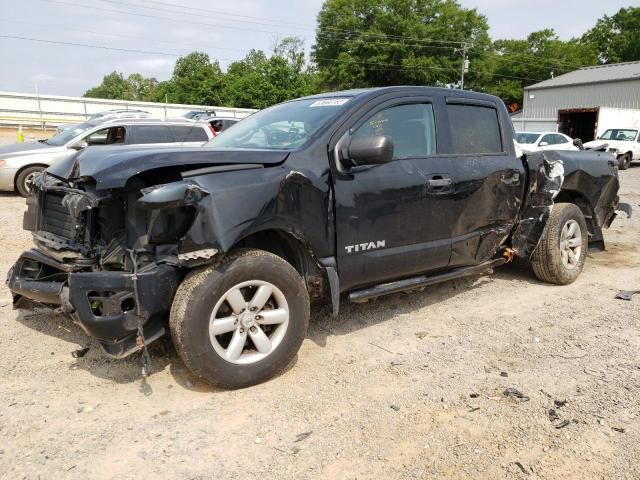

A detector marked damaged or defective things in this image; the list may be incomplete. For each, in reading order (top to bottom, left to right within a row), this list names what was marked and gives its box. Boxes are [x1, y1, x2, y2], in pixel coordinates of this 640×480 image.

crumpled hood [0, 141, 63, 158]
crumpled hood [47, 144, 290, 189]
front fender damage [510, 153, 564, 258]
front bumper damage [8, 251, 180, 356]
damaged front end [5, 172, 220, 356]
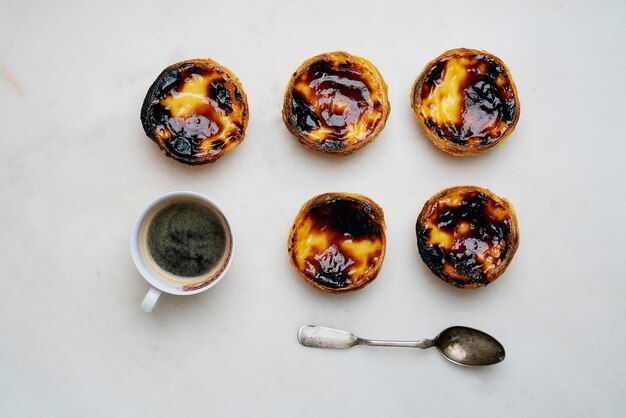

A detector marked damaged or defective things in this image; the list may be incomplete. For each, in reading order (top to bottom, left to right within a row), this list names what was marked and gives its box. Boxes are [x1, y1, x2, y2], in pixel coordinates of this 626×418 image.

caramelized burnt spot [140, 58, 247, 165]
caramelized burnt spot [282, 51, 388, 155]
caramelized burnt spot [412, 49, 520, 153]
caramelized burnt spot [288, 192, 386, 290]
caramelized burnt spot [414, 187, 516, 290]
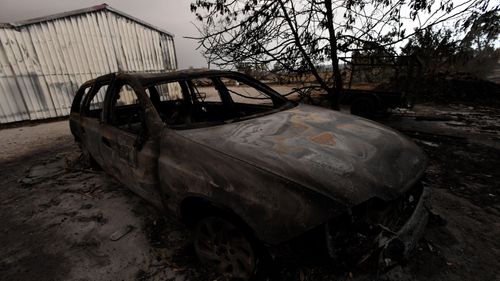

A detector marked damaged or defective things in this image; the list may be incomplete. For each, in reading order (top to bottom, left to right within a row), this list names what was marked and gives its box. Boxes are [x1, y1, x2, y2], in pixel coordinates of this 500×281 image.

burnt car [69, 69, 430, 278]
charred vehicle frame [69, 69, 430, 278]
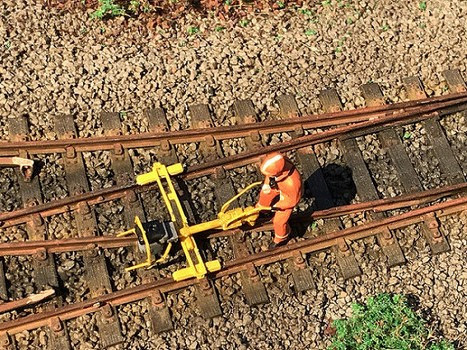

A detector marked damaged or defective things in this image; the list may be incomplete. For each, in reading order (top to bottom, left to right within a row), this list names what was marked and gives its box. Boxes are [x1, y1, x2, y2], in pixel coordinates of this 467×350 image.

▶ _THE TASK_
Where the line containing "this 626×418 image." appears, begin copying there and continue exactly through the final line of the records; both end lines belong in the copy, pictures do not.

▶ _SOLVED EXERCISE_
A detector marked damaged or defective things in this image; the list may be incomplete. For each, in reading order (top to bottom, left to right within a row), this list names what was marked and gives its box. Boxes are [x1, y1, x2, y2], in pixel coordinates of this 626×418 image.

caramelized burnt spot [140, 58, 247, 165]
caramelized burnt spot [282, 51, 388, 155]
caramelized burnt spot [412, 49, 520, 153]
caramelized burnt spot [288, 192, 386, 290]
caramelized burnt spot [414, 187, 516, 290]

A detector marked damaged or defective things in this image; the list may be incomplete. For each, in reading order (top to bottom, left to right within a row), this list names what was marked and gives its box. Boxes are [x1, y1, x2, y2], in pixel coordinates of this 500×281 image.

burnt car [69, 69, 430, 278]
charred vehicle frame [69, 69, 430, 278]

A detector marked damaged or defective things in this image; the list may be incomplete. For each, in reading order (top to bottom, left to right within a row), this list names what was marked and gives its box. Boxes are [x1, y1, x2, y2], in pixel coordinates of this 467×350 image.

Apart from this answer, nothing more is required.